Bier também informou que os estados, municípios e estatais terão de seguir a União e cumprir metas fiscais a partir do próximo ano. ‘‘A abrangência ideal do programa de ajuste fiscal para o triênio 1999-2001 é todo o setor público consolidado’’, afirmou o secretário de Política Econômica.
Ele não quis, entretanto, antecipar como o governo federal pretende estabelecer compromissos para os demais níveis governamentais, uma vez que eles têm autonomia constitucional. ‘‘Os mecanismos ficarão claros quando o programa for enviado ao Congresso, até o dia 15 de novembro’’, disse Bier.
Os contratos de renegociação das dívidas dos estados junto à União, assinados pela maioria dos governadores, prevê que o Tesouro Nacional poderá ‘‘sequestrar’’ as receitas de Imposto sobre Circulação de Mercadorias e Serviços (ICMS) e das transferências aos Fundos de Participação dos Estados (FPE) quando os estados deixarem de destinar 13% de sua arrecadação líquida para o pagamento da dívida refinanciada. O uso desses instrumentos legais, porém, vai depender da força política do governo federal.
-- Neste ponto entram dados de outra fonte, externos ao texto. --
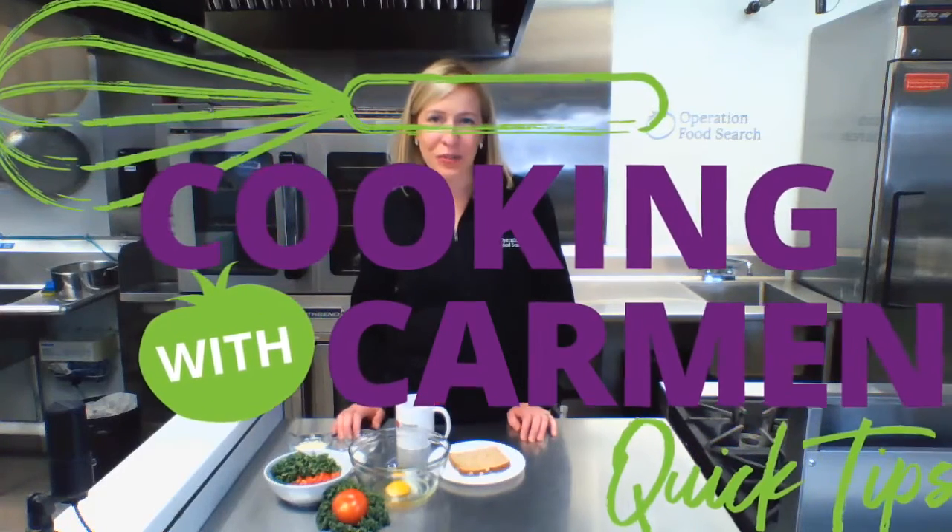Hey, it's Carmen here at Operation Food Search in the Bear Healthy Community Kitchen for today's quick tip video. I'm going to show you how to make a quick and easy but filling breakfast for those hectic mornings. Research shows that breaking an overnight fast — hence the name breakfast — with a balanced meal can help make a significant difference in overall health and well-being, especially for children and teens.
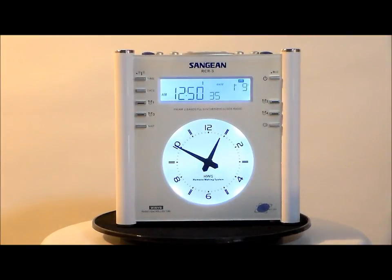Daylight savings time indicator, nap indicator, sleep indicator with the snooze indicator, radio control time signal, minute indicator, date indicator, and day of the week indicator with year.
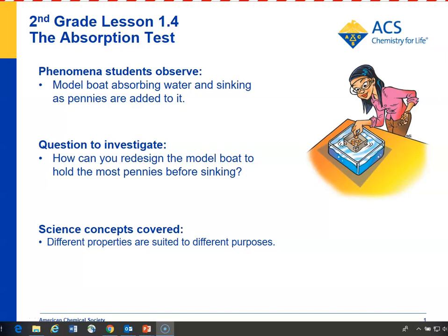In lesson 1.4, you'll make a little boat out of paper, place it in water, and add pennies to it until it sinks. And the question for students is, how could they redesign that boat so that it could hold the most pennies before sinking?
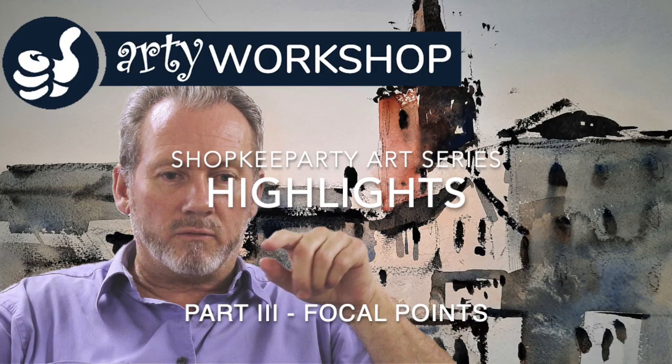This week, we are going to be covering focal points, so I'm really excited about this. Focal points — I'm thinking about the use of lights and darks, perspective, lines, and focusing your eye on a painting. We'll find out a lot more as we go over to Howard now.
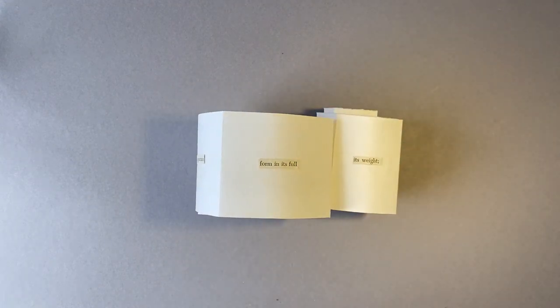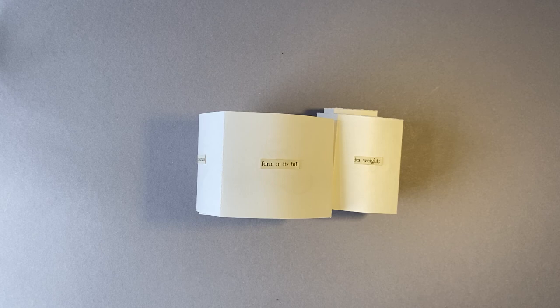So there you go — a quick overview of my books. I hope that helps you get a little bit of an insight into my working practice. Thanks for watching.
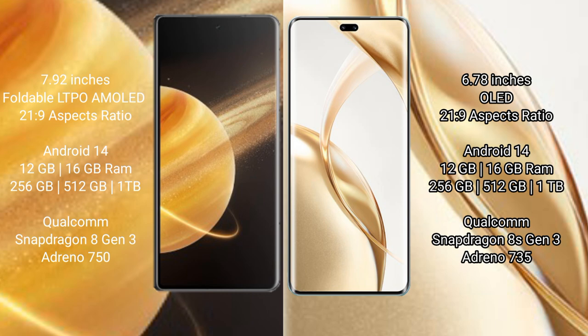The Honor Magic V3 comes with 12GB or 16GB RAM and 256GB or 512GB or 1TB internal storage, with a Qualcomm Snapdragon 8 Gen 3 processor and GPU Turbo 750. The Honor 200 Pro comes with 12GB or 16GB RAM and 256GB or 512GB or 1TB internal storage, with a Qualcomm Snapdragon 8 Gen 3 processor and GPU Turbo 735.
O aumento da meta fiscal para o governo central em 1999 e a abrangência dos estados, municípios e estatais no programa de ajuste no próximo triênio, na prática, é uma condição para o Brasil receber ajuda financeira do Fundo Monetário Internacional (FMI) e dos demais organismos multilateriais de crédito dispostos a socorrer os países latinoamericanos.
Essas instituições vêem no desequilíbrio das contas públicas de todo o setor público brasileiro a principal causa da fragilidade do País perante à crise financeira internacional e estão submetendo um eventual socorro a um profundo ajuste fiscal.
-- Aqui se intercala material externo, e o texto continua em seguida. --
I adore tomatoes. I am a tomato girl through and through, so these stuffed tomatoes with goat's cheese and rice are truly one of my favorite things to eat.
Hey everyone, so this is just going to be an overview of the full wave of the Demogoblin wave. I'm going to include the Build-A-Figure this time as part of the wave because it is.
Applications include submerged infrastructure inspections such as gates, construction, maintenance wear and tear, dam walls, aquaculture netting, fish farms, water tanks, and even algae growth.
Segundo Bier, a situação enfrentada pelo Brasil ‘‘decorre da evolução do cenário internacional e pode assumir tendência sistêmica, se não forem adotadas ações coordenadas no plano mundial’’. Ele enfatizou a importância de uma sinalização do Federal Reserve (o banco central dos Estados Unidos), esperada para esta semana, indicando a queda das taxas de juros naquele País. ‘‘Seria a maior demonstração da sensibilidade das autoridades norteamericanas para a gravidade do problema internacional’’, completou.
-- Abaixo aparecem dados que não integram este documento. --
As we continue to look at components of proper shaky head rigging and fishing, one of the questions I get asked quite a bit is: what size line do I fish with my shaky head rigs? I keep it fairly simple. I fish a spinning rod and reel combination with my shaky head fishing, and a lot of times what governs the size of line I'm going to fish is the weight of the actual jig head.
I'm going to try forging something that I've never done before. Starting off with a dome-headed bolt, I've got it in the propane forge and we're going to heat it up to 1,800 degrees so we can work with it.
Na avaliação da Secretaria de Política Econômica da Fazenda - contida no Boletim de Acompanhamento Macroeconômico, divulgado ontem -, o Brasil está preparado para enfrentar a crise internacional. ‘‘O País tem instituições democráticas sólidas, um sistema bancário aberto e saneado, um compromisso com a manutenção de regras contratuais, um portfólio de reformas já concluídas ou em curso e um sentido de direção inequivocamente estabelecido’’, afirma a publicação mensal do Ministério da Fazenda.